La gobernante mexicana subrayó que, durante mucho tiempo, las mujeres indígenas fueron invisibilizadas o relegadas en el relato nacional, por lo que su presencia en la avenida Reforma -tradicionalmente dedicada a héroes y gestas históricas- representa un cambio de fondo.
“Ahora, junto al paseo de las heroínas que inauguramos hace algunos años, afirmamos que las mujeres indígenas son parte fundamental de la historia y que su dignidad no admite jerarquías ni exclusiones”, afirmó.
Sostuvo que los monumentos y los nombres en el espacio público son legados para futuras generaciones y advirtió que “el silencio histórico es una forma de violencia que somete, que aniquila y determina un presente y un futuro”.
En ese sentido, afirmó que estas esculturas “reivindican la memoria histórica” y la grandeza cultural de México.

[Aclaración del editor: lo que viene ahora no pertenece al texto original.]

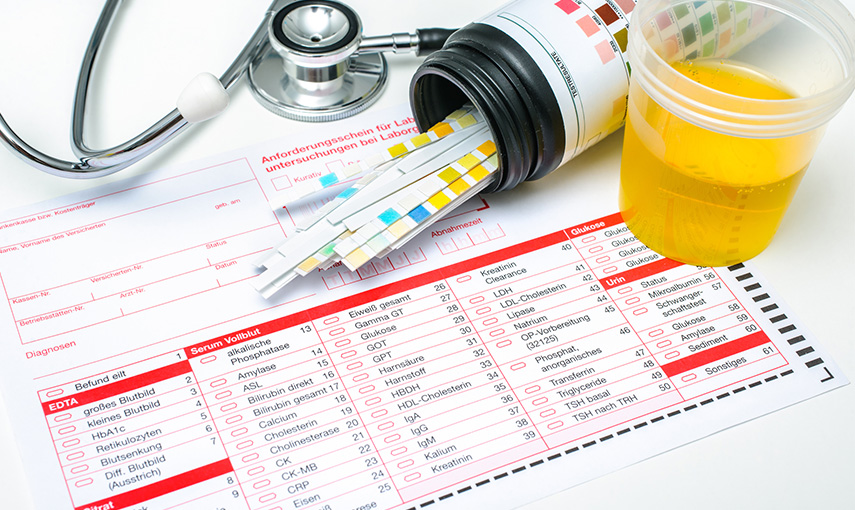 Urine Test / Pregnancy Test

Entre las figuras representadas mencionó a la mujer de Palenque, Tecuichpo, señora Seis Mono, y Malintzin, sobre esta última, Sheinbaum se detuvo para cuestionar la visión tradicional que la ha señalado como símbolo de traición.
“Esa interpretación responde más a una necesidad de culpar que a una comprensión profunda de nuestra historia”, afirmó, al señalar que Malintzin fue una mujer indígena que utilizó su palabra y su conocimiento lingüístico para sobrevivir en un contexto de violencia y despojo.
“Reconocerla hoy no es reabrir viejas heridas, no. Es cerrar una deuda histórica”, dijo, al sostener que en su figura hay mediación, inteligencia y complejidad, “no traición ni vergüenza”.
Sheinbaum concluyó que colocar a las mujeres indígenas “en el centro de la patria” es reconocer la grandeza del país. “Sin las mujeres indígenas no se entiende la historia de México”, afirmó.